Have a question about this project? Sign up for a free GitHub account to open an issue and contact its maintainers and the community.

By clicking “Sign up for GitHub”, you agree to our terms of service and privacy statement. We’ll occasionally send you account related emails.

Already on GitHub? Sign in to your account

migrate to using django-popolo instead of pombola's core models #1594

Open
3 of 10 tasks
mhl opened this issue Jan 19, 2015 · 5 comments
Open
3 of 10 tasks

migrate to using django-popolo instead of pombola's core models #1594

mhl opened this issue Jan 19, 2015 · 5 comments
Labels

Comments

@mhl
Copy link
Contributor

mhl commented Jan 19, 2015

I'm creating this new ticket to more accurately represent the work involved in this. (We had been using #1551 as a placeholder for this job.) This plan probably needs some work.

The great advantage in doing this is that SayIt, when embedded in Pombola, and the rest of Pombola's code would use to the same Person objects. This would remove complex layers of indirection and state, and be a good step in reducing the complexity of maintaining the Pombola ZA scrapers. It's also a good move in terms of code reuse and moving Pombola to be more like a collection of components.
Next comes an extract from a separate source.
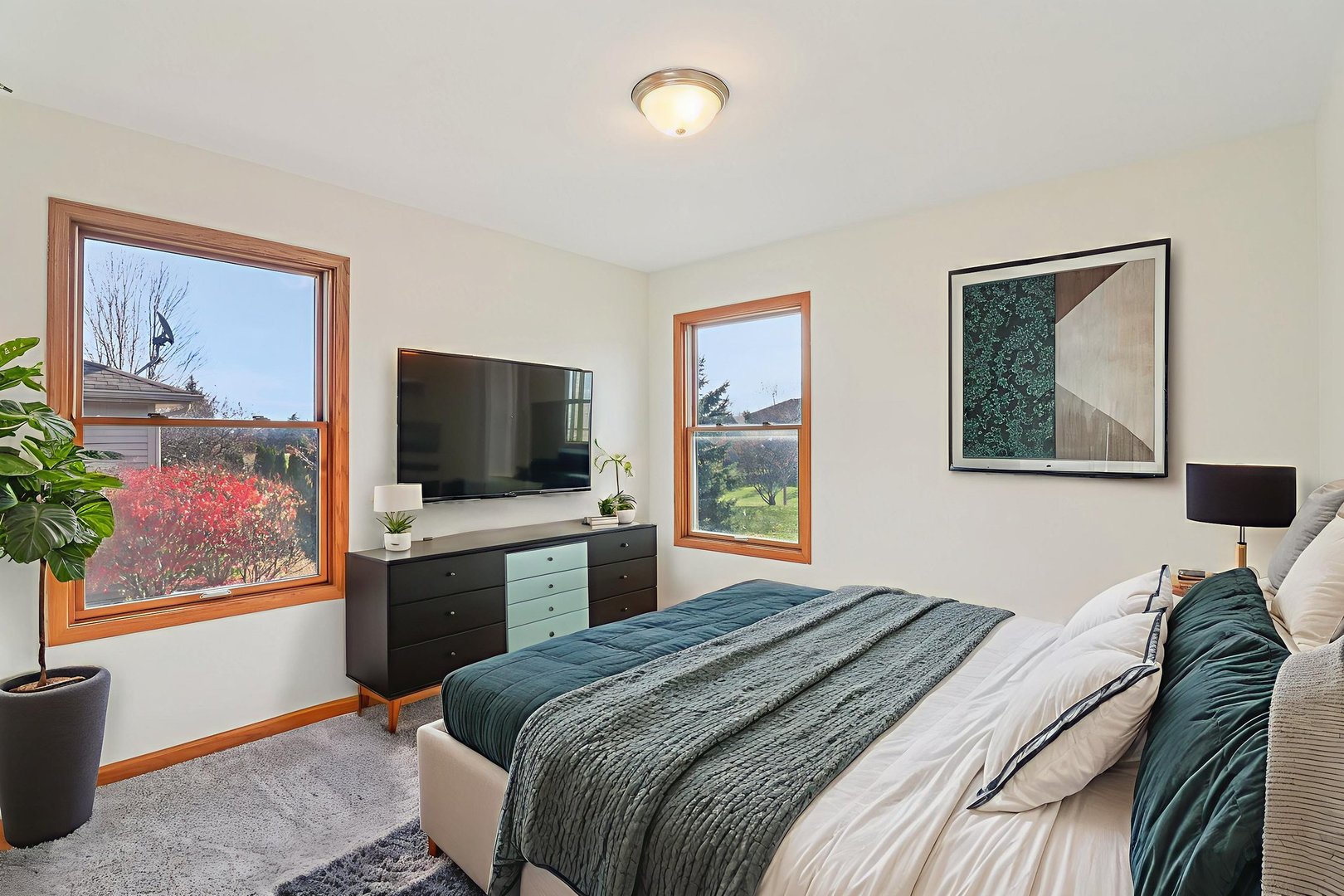 905 Randall Court Marengo, IL 60152 - Photo 4 of 28 a bedroom with a bed and a flat screen tv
  • Subclass the django-popolo models (multi-table inheritance) and add any missing fields which were in the Pombola core models.
  • Write migrations to migrate data from the core Pombola models to the new django-popolo models.
  • Migrate any other models that refer to the core Pombola models either through ForeignKey or GenericForeignKey
  • Make any use of the original Pombola core models an error (e.g. by replacing the Person class with class Person: pass
  • Update the models that Elasticsearch is indexing (via Haystack) to point to the new models
  • Update all code that uses the original models until the tests pass
  • Update all the rest of the code that uses the original models but isn't covered by tests (adding tests at the time if possible)
  • Update Pombola ZA's SayIt integration to eliminate the SASpeakerRedirectView and the linking of people between saying and Pombola via PopIt IDs (see ZA: improve linking between SayIt speakers and Pombola persons #1551 )
  • Drop the tables with the old core Pombola models
  • 🍸 🍷 🎆
@davea
Copy link
Member

davea commented Feb 2, 2015

A summary of the progress so far (in 1594-django-popolo-migration):

  • Fields required by Pombola and not provided by django-popolo have been identified
  • Subclasses of popolo.models.{Organization,Person,Post} have been created as pombola.core.Popolo{Organization,Person,Post} with the missing fields added.
  • core.Organisation.name needed 200 chars but popolo.Organization.name is defined with 128 max_length, and you can't redefine fields in model subclasses so we're using our own fork of django-popolo with max_length set to 4000 for a few fields.
  • A WIP migration has been created that so far migrates the 'simple' fields for Organisations along with the Contact relations (which are migrated to popolo's ContactDetail model).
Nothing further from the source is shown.